Some of the hotel rooms included partial kitchens and living rooms.
“It’s not what the community needs,” Commissioner Sheila Lodge said, adding that the project is not consistent with the principles of “sound community planning.”
About 570 hotel rooms are proposed or permitted in the city, Lodge said, adding that Santa Barbara currently has more than 3,180 hotel rooms.
This project would involve demolishing four existing “affordable” housing units, something the city “ desperately needs,” Lodge said.
The big questions commissioners considered were: “Do we want housing?” or “Do we want hotels?”
Commissioner Michael Jordan said he’s “perplexed at the configuration of the hotel rooms… and the amount of lounge and hang-around space.”
“I’ve never been to a hotel that had the configuration of most of the rooms you are going to propose,” he continued.
Jordan said the project has a lot of lounge or empty space that could be used to reduce the size bulk and scale of the proposed building in Santa Barbara’s West Beach neighborhood.
“I call this a problematic project,” he said. “I don’t say it’s a problem, but if it walks like a problem, talks like a problem and looks like a problem — it’s going to be problematic.”
Commissioner Deborah Schwartz, a renter, said she’s not opposed of the general design of the project, but it’s not appropriate for the location.
Building a new hotel isn’t a solution for relieving the housing crisis in Santa Barbara, she said. The city is considering developing more rental units to accommodate state mandates and the future.

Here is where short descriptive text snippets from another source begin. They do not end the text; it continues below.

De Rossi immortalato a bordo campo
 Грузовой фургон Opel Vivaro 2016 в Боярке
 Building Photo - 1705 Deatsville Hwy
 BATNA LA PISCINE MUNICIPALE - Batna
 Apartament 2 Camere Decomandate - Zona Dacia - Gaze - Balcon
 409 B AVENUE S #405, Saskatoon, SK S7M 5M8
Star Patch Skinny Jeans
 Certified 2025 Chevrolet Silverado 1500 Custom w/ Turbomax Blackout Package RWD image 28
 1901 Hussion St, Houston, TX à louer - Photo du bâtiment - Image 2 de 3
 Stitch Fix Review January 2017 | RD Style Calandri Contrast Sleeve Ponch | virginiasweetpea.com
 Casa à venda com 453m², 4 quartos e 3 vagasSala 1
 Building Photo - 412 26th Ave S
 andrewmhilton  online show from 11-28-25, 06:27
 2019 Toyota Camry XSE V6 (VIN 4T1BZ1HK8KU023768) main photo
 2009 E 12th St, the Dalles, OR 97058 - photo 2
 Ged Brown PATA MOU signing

“We don’t have a hotel room shortage,” Schwartz said. “Statewide, we have a housing crisis. What is our role? Where is the leadership?”
Schwartz’s said her No. 1 goal is to get housing projects approved and constructed.
She acknowledged transient-occupancy taxes and sales taxes are important, but these do “not overshadow the desperate need and the moral imperative to get housing built. Building hotels and adding to hotel rooms is not a moral imperative.”
Trish Allen of Suzanne Elledge Planning & Permitting Services, Inc. offered brief opening remarks.
“I’m aware of the community concerns,” Allen said. “I share those same concerns… in terms of continuing to produce and emphasize housing production in our community.”
Commissioner Lesley Wiscomb said she has “huge” concerns with the project. The city doesn’t need big hotel rooms and roof decks that only serve hotel patrons, she said.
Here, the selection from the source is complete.